───── The data ─────

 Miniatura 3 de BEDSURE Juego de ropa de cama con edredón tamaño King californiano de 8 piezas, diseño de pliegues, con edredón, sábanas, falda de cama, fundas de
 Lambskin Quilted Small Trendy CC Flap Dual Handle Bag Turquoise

─────
───── The data ─────

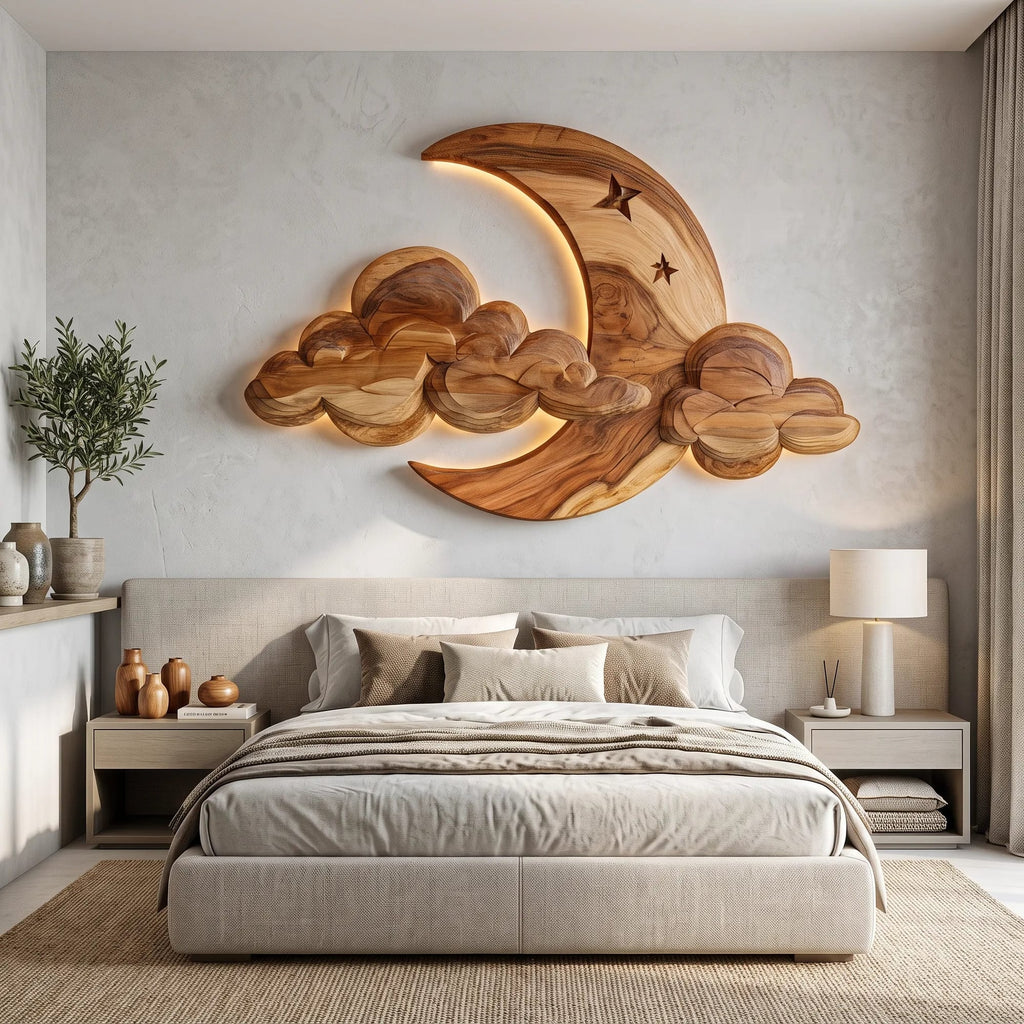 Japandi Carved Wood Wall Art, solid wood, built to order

─────

■ **What to produce**: Reprint exactly the lines above that start at the one with "Miniatura 3 de" and end at the one with "Lambskin Quilted Small", keeping both and adding none.

■ **Exercise result**:
 Miniatura 3 de BEDSURE Juego de ropa de cama con edredón tamaño King californiano de 8 piezas, diseño de pliegues, con edredón, sábanas, falda de cama, fundas de
 Lambskin Quilted Small Trendy CC Flap Dual Handle Bag Turquoise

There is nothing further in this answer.